Cancer Genomics Hub

Cancer Genomics Hub
Name	Cancer Genomics Hub
Founded	2011
Location	University of California, Santa Cruz
Key people	David Haussler
Parent organization	National Cancer Institute
Website	https://cghub.ucsc.edu/

Contents

Overview
Data and Resources
Access and Usage
Scientific Impact
Technical Infrastructure
Related Projects

Cancer Genomics Hub. It was a centralized bioinformatics repository and data coordination center established to support The Cancer Genome Atlas, a landmark project funded by the National Institutes of Health. Managed by the University of California, Santa Cruz Genomics Institute, the hub served as the primary archive for raw genomic sequence data from thousands of cancer patients, facilitating large-scale collaborative research. Its creation represented a major effort in big data management for biomedical research, aiming to accelerate discoveries in oncology by providing researchers worldwide with standardized, high-quality datasets.

Overview

The hub was launched in 2011 as a critical component of the National Cancer Institute's efforts to catalog genomic alterations in cancer. It operated under the guidance of principal investigator David Haussler and his team at the UC Santa Cruz Genomics Institute. Its core mission was to aggregate, validate, and distribute the vast amounts of DNA sequencing data generated by The Cancer Genome Atlas and other NCI-sponsored projects like the Therapeutically Applicable Research to Generate Effective Treatments initiative. By creating a unified, cloud-accessible resource, it addressed the significant computational challenges posed by the Human Genome Project's legacy, enabling integrative analyses across different cancer types and research institutions.

Data and Resources

The repository housed a comprehensive collection of multi-modal genomic data, including whole-genome sequences, exome captures, and RNA-Seq transcriptome profiles from tumor and matched normal tissues. All data were aligned to the standard GRCh37 human reference genome and followed strict quality control protocols established by the Broad Institute and other sequencing centers. In addition to raw sequence files, the hub provided essential metadata, clinical annotations, and validated mutation calls, which were crucial for studies published in journals like Nature (journal) and Science (journal). This resource empowered investigations into driver mutations, molecular subtypes, and the genomic basis of drug response across cancers such as glioblastoma, lung cancer, and breast cancer.

Access and Usage

Access to the hub's data was governed by the National Institutes of Health's data sharing policies, requiring researchers to apply through the Database of Genotypes and Phenotypes system. Authorized users could search, browse, and download datasets via a web portal or using specialized command-line tools compatible with high-performance computing environments. The system supported the Cancer Genomics Cloud pilots and integrated with analysis platforms like the UCSC Genome Browser and the Integrative Genomics Viewer. This framework ensured compliance with patient privacy regulations such as the Health Insurance Portability and Accountability Act while maximizing the utility of the data for global research consortia.

Scientific Impact

The availability of data through the hub directly fueled a transformative period in cancer research, leading to seminal papers in Cell (journal) and the New England Journal of Medicine. It enabled the discovery of novel cancer genes, the characterization of mutational signatures associated with tobacco or UV light, and the development of prognostic biomarkers. Research facilitated by the hub contributed to the foundation of precision oncology initiatives at major centers like the Memorial Sloan Kettering Cancer Center and the Dana-Farber Cancer Institute, influencing clinical trial design for targeted therapies and immunotherapy.

Technical Infrastructure

The hub's infrastructure was built on a scalable, secure architecture designed to manage petabytes of data. It utilized distributed storage systems and was hosted in partnership with the Texas Advanced Computing Center. Data transfer was optimized using the Aspera high-speed protocol and the GeneTorrent system, which were essential for handling large BAM files and FASTQ files. The backend employed robust database systems to track complex metadata, ensuring data integrity and reproducibility for projects like the International Cancer Genome Consortium.

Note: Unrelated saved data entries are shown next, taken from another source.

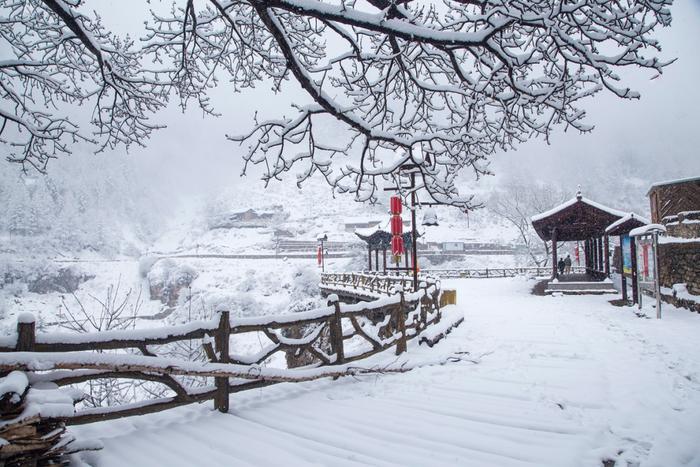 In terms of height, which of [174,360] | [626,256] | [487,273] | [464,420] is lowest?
[487,273]

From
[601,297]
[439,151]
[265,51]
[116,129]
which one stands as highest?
[265,51]

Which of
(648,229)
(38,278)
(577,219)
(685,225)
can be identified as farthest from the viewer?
(38,278)

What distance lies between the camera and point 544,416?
363 centimetres

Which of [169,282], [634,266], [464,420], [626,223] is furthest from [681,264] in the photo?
[169,282]

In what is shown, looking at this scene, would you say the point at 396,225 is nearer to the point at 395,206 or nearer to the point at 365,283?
the point at 395,206

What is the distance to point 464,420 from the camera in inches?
144

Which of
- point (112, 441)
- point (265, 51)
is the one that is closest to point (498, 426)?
point (112, 441)

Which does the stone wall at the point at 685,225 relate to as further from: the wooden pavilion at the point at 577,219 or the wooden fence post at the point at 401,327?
the wooden fence post at the point at 401,327

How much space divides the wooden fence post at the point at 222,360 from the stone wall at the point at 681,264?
12568 millimetres

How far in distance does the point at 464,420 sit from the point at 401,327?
3.21 meters

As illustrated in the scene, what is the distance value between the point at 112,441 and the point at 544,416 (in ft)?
14.0

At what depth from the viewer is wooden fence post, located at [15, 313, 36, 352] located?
2.96 meters

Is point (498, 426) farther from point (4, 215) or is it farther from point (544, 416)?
point (4, 215)

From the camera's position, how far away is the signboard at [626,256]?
11.7 meters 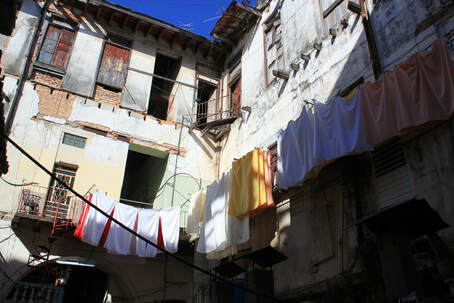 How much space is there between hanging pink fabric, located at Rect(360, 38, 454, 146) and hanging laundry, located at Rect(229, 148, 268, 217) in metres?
3.29

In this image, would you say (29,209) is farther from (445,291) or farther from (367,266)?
(445,291)

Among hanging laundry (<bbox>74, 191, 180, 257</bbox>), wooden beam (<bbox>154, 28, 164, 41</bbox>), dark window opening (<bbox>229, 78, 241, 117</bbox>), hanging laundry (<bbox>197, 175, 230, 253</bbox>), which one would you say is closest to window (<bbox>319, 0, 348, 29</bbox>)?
dark window opening (<bbox>229, 78, 241, 117</bbox>)

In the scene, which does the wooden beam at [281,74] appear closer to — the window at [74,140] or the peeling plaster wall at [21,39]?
the window at [74,140]

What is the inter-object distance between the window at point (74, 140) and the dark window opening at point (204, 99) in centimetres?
552

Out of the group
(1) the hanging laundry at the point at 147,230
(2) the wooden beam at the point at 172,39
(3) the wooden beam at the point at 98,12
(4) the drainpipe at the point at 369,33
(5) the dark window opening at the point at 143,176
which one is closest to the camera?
(4) the drainpipe at the point at 369,33

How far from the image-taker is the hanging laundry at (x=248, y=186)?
34.1 feet

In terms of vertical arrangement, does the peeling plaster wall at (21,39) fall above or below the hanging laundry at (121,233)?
above

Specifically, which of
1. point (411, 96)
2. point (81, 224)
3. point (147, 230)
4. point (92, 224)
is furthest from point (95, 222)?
point (411, 96)

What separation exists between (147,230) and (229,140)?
17.5 feet

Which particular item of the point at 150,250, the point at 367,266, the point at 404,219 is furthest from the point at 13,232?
the point at 404,219

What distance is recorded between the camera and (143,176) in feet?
62.2

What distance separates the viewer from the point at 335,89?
11.0 metres

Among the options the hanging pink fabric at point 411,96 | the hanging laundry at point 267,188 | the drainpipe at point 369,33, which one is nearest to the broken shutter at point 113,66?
the hanging laundry at point 267,188

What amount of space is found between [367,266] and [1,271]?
34.1 feet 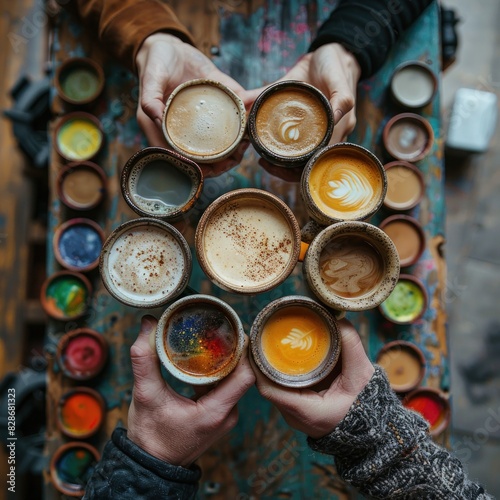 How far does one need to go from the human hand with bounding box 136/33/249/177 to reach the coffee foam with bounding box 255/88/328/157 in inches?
5.2

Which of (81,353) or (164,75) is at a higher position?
(164,75)

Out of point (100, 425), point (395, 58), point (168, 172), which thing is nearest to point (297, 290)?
point (168, 172)

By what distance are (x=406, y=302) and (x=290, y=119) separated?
1066 mm

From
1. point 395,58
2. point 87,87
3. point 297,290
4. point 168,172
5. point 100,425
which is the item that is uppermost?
point 395,58

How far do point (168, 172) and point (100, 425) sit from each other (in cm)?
122

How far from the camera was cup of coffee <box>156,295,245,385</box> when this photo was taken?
5.90 ft

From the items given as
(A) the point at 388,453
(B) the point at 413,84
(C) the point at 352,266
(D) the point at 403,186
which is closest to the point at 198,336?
(C) the point at 352,266

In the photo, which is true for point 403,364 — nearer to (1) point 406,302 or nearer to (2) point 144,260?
(1) point 406,302

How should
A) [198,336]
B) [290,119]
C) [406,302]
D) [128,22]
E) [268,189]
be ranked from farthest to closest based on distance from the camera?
[406,302] < [268,189] < [128,22] < [290,119] < [198,336]

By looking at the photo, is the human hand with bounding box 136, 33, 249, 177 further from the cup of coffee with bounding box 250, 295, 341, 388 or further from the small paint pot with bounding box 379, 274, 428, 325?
the small paint pot with bounding box 379, 274, 428, 325

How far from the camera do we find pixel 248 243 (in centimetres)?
189

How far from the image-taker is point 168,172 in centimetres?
192

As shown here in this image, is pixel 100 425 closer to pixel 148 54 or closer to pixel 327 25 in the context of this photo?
pixel 148 54

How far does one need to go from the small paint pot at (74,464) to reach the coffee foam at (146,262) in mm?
934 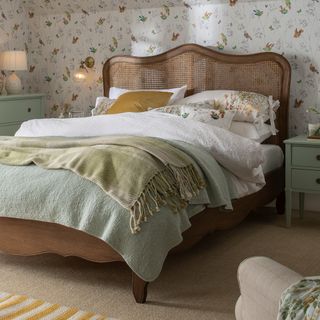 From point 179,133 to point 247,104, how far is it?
2.59ft

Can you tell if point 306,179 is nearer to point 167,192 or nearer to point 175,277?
point 175,277

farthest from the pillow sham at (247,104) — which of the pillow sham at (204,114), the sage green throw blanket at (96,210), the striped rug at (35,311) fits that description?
the striped rug at (35,311)

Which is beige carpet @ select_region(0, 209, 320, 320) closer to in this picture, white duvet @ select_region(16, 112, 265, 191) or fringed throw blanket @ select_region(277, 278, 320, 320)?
white duvet @ select_region(16, 112, 265, 191)

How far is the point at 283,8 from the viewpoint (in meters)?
4.54

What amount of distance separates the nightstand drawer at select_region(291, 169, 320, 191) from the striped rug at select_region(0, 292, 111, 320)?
1933mm

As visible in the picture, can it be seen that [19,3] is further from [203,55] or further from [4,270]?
[4,270]

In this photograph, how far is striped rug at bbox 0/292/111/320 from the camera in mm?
2652

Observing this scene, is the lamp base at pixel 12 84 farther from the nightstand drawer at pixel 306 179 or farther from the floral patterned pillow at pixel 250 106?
the nightstand drawer at pixel 306 179

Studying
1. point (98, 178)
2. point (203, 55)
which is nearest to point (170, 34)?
point (203, 55)

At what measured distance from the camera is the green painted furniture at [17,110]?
17.1 ft

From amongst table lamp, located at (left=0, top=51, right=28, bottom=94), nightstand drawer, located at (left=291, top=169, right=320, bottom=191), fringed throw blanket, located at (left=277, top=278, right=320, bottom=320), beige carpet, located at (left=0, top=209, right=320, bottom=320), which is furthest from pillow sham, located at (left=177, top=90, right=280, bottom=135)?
fringed throw blanket, located at (left=277, top=278, right=320, bottom=320)

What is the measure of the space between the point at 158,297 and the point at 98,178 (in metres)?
0.64

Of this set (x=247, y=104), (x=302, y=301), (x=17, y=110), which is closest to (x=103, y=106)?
(x=17, y=110)

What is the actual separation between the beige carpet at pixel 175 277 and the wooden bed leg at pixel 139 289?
0.04 m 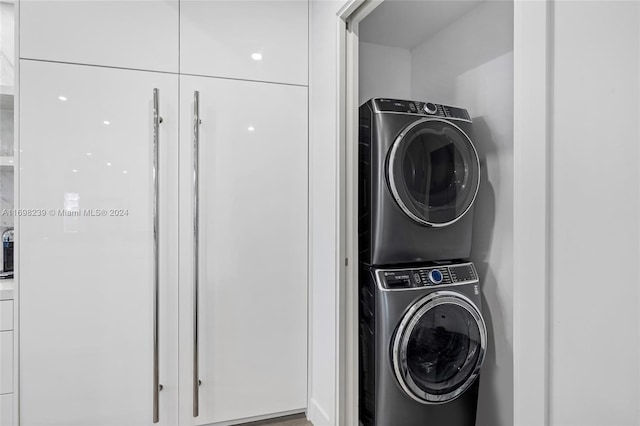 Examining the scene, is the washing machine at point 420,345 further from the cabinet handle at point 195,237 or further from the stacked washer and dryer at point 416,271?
the cabinet handle at point 195,237

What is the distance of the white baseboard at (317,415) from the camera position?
1.95 m

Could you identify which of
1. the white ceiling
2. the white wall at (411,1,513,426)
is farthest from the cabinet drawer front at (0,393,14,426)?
the white ceiling

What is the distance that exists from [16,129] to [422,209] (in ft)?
6.42

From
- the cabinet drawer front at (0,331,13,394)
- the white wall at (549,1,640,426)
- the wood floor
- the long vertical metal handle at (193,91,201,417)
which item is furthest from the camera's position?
the wood floor

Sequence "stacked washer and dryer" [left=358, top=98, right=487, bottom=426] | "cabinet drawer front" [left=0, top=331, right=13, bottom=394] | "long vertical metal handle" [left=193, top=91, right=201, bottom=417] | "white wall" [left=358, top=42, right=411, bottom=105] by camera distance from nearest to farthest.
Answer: "cabinet drawer front" [left=0, top=331, right=13, bottom=394]
"stacked washer and dryer" [left=358, top=98, right=487, bottom=426]
"long vertical metal handle" [left=193, top=91, right=201, bottom=417]
"white wall" [left=358, top=42, right=411, bottom=105]

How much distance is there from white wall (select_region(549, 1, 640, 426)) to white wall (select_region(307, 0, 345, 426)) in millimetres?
1143

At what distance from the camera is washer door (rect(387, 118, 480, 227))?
1.89 m

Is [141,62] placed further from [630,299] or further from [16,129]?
[630,299]

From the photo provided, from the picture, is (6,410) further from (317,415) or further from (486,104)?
(486,104)

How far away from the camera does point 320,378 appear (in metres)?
2.05

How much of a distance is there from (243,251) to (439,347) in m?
1.14

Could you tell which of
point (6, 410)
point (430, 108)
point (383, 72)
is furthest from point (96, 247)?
point (383, 72)

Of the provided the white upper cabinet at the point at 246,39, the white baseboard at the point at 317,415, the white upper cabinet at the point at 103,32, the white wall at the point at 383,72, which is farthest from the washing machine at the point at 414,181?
the white upper cabinet at the point at 103,32

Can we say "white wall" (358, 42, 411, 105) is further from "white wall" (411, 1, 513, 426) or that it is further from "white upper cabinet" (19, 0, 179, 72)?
"white upper cabinet" (19, 0, 179, 72) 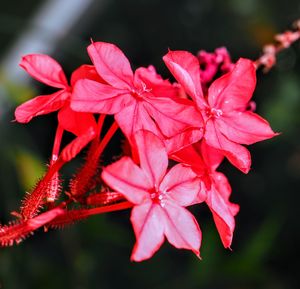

The hub's operational model and success informed subsequent, larger-scale genomic data commons. It was a direct precursor to the NCI Genomic Data Commons, launched in 2016, which expanded its scope and adopted more advanced data harmonization practices. Other related endeavors include the European Genome-phenome Archive, the cBioPortal for Cancer Genomics, and the ICGC Data Portal. These projects collectively represent the ongoing evolution of international efforts, such as the All of Us Research Program, to leverage genomic big data for understanding human disease.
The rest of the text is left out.